Yeah, so, failure to babysit the db node that was scheduled for a reboot on the 5th resulted in a bit of database FUBAR that left us temporarily losing everything from then to now. Fortunately we had a backup less than six hours old, restored from it, and appear to be copacetic now. Except for the missing five hours and change.

I'd usually make some sort of dumb joke here but it was already four hours past my bedtime when I found out about the problem. My brain is no work good anymore. Fill in whatever dad joke or snark about getting a do-over for a change strikes your fancy.

 
This discussion has been archived. No new comments can be posted.
Display Options Threshold/Breakthrough Mark All as Read Mark All as Unread
The Fine Print: The following comments are owned by whoever posted them. We are not responsible for them in any way.
  • (Score: 0) by Anonymous Coward on Monday August 10 2020, @08:49PM (4 children)

    by Anonymous Coward on Monday August 10 2020, @08:49PM (#1034518)

    You really only need one more. That way you still have a quorum in case one fails. With that in place, the database nodes should be able to survive a rolling restart without "babysitting" them the whole time. However, the one located on its own machine should be the arbitrator. It might also help to set up unused slots in your cluster for all types of nodes to allow easier expansion in the future, as you can just assign new nodes to those slots in the future instead of rolling the whole thing.

    I hope my attempts to help don't feel like I'm piling on or intentionally demeaning.

  • (Score: 2) by The Mighty Buzzard on Tuesday August 11 2020, @02:53AM (3 children)

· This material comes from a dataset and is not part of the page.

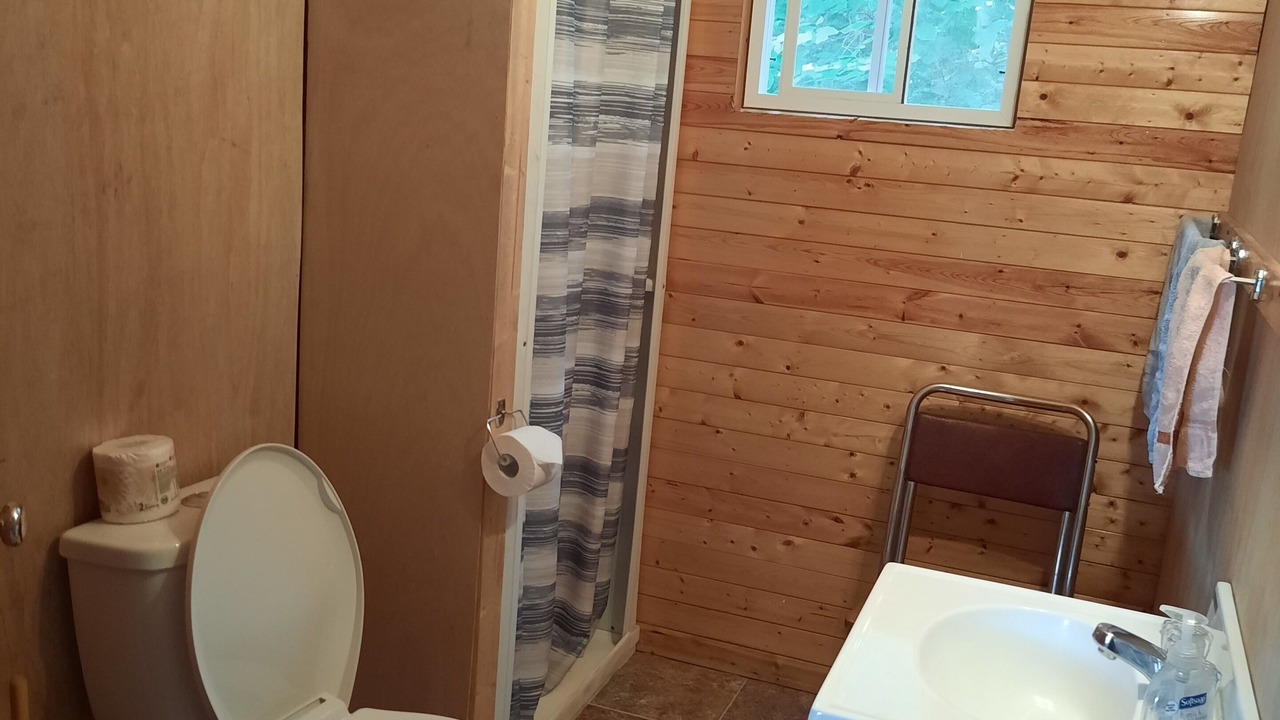 Photo of Bathroom in Sioux Narrows Nestor Falls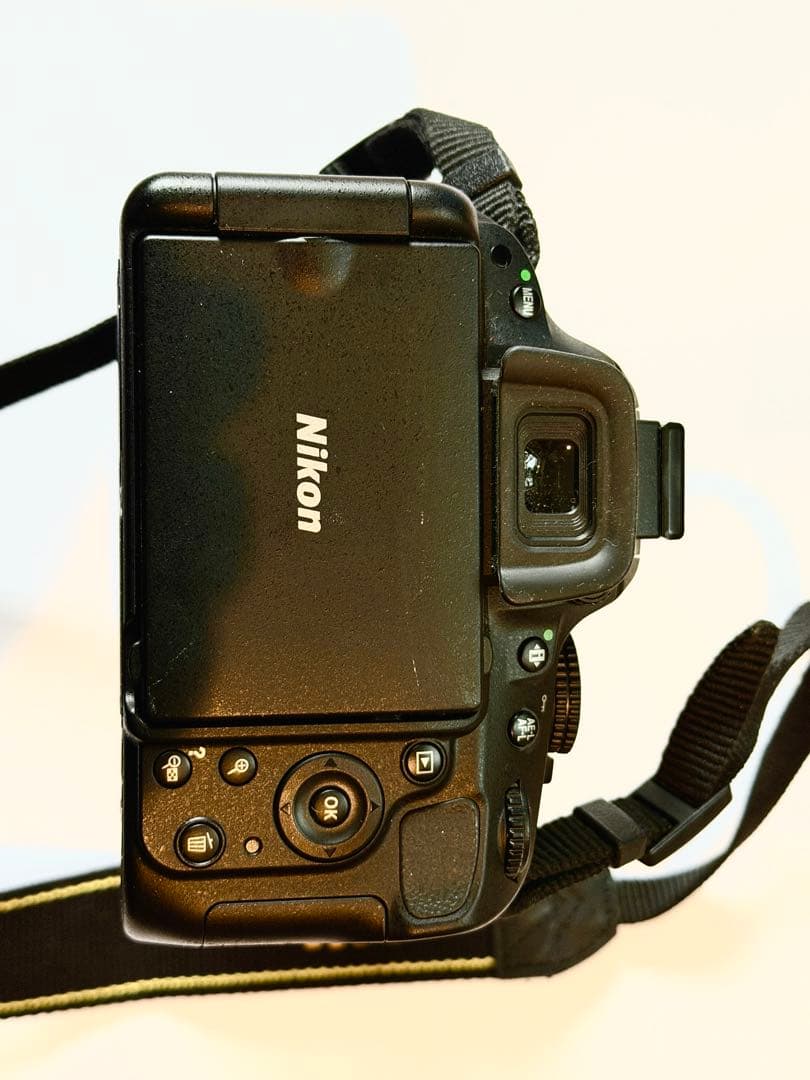 デジタルカメラ NIKON D5100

    by The Mighty Buzzard (18) Subscriber Badge <themightybuzzard@proton.me> on Tuesday August 11 2020, @02:53AM (#1034696) Homepage Journal

    Nah. One server assigned as arbitrator = single point of failure. Not having that is the entire reason we're clustered to begin with, so it's a non-starter.

    --
    My rights don't end where your fear begins.
    • (Score: 0) by Anonymous Coward on Tuesday August 11 2020, @07:16AM (2 children)

      by Anonymous Coward on Tuesday August 11 2020, @07:16AM (#1034791)

      If you didn't disable arbitration, they elect one. You want a management node that isn't on the data nodes to be the preferred arbitrator with the highest rank, but you can set one of the others as fallback and even include your SQL nodes if you are paranoid. That way you require at least two failures, or as many as four, to bring the entire cluster down without losing data or degrading the cluster to the point of complete failure. But you state that is a SPOF. This, the fact your other data node stayed up, and your comments lead me to believe that you disabled arbitration, which isn't a good idea as you have no protection from a split brain and other problems in that case, or I wasn't clear enough.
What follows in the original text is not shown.